Actionable Next Steps for LA Voters
- Sign up for LA Forward’s newsletter. They do the deep dives into the budget that the rest of us don't have time for.
- Watch the City Council meetings. You can find them on YouTube or the city website. It's the only way to see if your "progressive" candidate is actually voting the way they promised.
- Don't wait for the general election. The primaries in March are where most of the real decisions happen in this city. If you wait until November, your choices have already been narrowed down by the big spenders.
- Track your ballot. Use the "Where’s My Ballot?" tool from the Secretary of State. It sounds simple, but thousands of ballots get rejected every year because of signature issues.
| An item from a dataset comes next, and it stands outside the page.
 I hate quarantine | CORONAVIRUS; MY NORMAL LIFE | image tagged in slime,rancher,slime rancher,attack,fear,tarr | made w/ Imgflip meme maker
The reality is that Los Angeles is a city of contradictions. We want rent control, but we also want property values to go up. We want to help the unhoused, but we don't want a shelter on our block. The los angeles progressive voter guide 2024 didn't solve those contradictions, but it gave us a map to navigate them. Whether you agreed with every recommendation or not, having a guide that looks at the city from the bottom up—rather than from the developer's office down—is the only way to keep City Hall even remotely honest.